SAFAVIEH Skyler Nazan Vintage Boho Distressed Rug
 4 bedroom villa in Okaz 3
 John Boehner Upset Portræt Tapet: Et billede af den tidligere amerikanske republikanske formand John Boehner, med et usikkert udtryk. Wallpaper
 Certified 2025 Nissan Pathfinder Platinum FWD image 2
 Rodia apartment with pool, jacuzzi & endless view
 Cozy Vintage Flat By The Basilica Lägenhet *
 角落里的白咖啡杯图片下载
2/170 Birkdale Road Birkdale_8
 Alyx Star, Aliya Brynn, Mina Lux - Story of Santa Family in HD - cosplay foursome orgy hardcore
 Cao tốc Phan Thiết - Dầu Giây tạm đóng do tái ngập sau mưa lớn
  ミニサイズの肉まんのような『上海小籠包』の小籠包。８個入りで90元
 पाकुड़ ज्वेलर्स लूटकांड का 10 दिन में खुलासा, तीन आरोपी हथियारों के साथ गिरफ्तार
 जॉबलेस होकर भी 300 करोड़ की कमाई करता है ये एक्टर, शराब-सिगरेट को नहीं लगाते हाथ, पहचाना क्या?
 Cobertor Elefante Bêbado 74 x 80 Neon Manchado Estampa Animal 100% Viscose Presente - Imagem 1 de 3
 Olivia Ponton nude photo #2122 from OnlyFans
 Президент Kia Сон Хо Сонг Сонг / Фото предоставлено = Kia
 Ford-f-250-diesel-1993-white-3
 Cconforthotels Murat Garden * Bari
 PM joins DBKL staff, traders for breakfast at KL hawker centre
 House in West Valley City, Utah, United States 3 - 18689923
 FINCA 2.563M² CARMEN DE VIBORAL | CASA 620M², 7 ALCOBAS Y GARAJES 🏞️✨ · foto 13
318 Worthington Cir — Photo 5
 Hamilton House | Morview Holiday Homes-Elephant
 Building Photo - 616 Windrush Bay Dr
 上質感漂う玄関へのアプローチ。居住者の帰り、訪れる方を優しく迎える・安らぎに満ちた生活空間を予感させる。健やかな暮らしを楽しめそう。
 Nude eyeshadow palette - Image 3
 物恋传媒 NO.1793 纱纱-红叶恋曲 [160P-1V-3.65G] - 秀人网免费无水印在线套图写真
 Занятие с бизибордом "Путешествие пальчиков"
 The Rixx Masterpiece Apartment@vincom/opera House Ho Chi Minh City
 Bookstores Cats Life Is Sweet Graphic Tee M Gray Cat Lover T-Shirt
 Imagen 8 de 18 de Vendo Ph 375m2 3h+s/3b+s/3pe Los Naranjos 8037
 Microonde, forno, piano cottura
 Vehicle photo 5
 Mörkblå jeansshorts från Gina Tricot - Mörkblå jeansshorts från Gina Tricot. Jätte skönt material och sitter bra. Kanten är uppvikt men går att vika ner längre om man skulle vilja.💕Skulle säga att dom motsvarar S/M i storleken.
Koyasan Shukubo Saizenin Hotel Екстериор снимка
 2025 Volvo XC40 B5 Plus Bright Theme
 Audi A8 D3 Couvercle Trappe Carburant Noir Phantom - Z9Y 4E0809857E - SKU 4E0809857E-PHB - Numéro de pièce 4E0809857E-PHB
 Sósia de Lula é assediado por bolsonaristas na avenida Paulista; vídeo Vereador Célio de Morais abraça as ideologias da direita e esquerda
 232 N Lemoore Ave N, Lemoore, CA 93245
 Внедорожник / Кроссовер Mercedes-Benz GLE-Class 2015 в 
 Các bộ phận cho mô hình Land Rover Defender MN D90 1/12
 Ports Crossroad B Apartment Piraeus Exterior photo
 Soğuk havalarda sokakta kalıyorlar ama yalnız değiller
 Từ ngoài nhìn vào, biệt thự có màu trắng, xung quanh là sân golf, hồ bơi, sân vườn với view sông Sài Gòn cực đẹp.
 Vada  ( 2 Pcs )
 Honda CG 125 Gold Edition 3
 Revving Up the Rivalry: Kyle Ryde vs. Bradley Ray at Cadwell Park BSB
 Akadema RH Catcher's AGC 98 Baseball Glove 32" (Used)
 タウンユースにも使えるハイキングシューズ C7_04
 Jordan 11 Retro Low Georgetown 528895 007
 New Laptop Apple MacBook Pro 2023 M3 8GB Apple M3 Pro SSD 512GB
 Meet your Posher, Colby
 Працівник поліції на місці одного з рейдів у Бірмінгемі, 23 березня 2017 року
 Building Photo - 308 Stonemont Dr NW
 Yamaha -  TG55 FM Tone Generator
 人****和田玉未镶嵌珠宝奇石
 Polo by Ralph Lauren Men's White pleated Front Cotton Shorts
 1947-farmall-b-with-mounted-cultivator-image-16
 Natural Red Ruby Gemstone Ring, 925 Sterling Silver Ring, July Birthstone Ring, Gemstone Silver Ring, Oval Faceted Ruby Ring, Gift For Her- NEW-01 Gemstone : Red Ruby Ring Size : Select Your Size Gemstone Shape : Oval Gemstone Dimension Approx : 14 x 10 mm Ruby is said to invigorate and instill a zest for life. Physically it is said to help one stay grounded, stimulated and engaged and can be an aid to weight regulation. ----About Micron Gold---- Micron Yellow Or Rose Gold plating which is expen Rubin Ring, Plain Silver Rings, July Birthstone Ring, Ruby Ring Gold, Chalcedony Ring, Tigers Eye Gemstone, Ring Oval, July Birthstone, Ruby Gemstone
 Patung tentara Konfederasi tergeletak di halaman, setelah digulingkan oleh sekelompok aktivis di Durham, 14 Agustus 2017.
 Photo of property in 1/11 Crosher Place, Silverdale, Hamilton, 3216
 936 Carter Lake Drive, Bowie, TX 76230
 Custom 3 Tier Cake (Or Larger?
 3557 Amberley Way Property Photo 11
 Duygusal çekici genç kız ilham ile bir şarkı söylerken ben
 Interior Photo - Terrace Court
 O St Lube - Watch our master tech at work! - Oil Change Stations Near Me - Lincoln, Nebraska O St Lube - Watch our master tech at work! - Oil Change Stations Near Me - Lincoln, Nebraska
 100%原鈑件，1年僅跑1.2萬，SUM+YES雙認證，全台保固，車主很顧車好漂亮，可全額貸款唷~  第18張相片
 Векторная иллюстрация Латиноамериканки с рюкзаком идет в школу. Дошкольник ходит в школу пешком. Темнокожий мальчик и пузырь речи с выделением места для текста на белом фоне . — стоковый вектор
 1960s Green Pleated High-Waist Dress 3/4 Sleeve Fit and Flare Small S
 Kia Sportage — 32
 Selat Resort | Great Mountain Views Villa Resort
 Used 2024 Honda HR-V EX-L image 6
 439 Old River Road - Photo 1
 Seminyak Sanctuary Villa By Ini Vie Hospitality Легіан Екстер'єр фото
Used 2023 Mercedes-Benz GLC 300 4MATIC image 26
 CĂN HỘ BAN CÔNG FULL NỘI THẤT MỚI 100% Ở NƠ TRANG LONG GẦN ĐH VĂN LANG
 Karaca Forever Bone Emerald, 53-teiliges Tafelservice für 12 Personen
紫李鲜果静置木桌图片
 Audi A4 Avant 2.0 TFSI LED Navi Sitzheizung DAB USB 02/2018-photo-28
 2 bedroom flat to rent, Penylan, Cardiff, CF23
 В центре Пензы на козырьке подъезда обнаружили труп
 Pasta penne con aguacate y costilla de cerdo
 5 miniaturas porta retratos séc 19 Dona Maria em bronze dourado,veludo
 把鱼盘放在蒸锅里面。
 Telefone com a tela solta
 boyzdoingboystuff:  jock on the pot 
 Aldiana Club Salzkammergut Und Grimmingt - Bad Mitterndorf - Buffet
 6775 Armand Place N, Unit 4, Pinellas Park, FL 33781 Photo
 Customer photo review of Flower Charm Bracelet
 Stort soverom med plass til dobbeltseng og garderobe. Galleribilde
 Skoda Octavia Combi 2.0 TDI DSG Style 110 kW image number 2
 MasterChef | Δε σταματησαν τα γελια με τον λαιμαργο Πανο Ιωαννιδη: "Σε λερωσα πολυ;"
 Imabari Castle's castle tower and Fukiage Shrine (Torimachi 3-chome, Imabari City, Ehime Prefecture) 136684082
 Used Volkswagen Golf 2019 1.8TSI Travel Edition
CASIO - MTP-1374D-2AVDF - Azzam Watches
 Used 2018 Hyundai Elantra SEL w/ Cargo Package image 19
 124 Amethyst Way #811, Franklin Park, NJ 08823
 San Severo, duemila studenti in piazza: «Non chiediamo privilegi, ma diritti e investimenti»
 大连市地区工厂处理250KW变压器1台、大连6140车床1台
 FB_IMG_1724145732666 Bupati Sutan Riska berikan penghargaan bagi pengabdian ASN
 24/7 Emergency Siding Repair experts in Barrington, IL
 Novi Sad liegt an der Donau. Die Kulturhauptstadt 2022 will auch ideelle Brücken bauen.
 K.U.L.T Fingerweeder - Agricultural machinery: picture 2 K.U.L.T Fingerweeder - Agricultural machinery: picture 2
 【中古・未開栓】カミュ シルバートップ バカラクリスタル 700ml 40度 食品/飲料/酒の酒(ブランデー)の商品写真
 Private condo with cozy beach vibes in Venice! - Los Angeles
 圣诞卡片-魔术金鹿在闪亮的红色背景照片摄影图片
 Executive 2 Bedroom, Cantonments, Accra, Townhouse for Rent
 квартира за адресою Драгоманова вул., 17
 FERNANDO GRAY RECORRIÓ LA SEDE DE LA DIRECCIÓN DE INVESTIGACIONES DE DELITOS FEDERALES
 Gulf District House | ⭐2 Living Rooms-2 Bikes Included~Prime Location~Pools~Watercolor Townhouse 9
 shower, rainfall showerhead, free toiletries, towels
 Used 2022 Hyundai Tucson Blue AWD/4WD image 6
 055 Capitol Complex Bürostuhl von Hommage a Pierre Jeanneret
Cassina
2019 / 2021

■ Task statement ■
Within the data above, how many lines include the string "Audi"? Only the number is required.

■ Written answer ■
2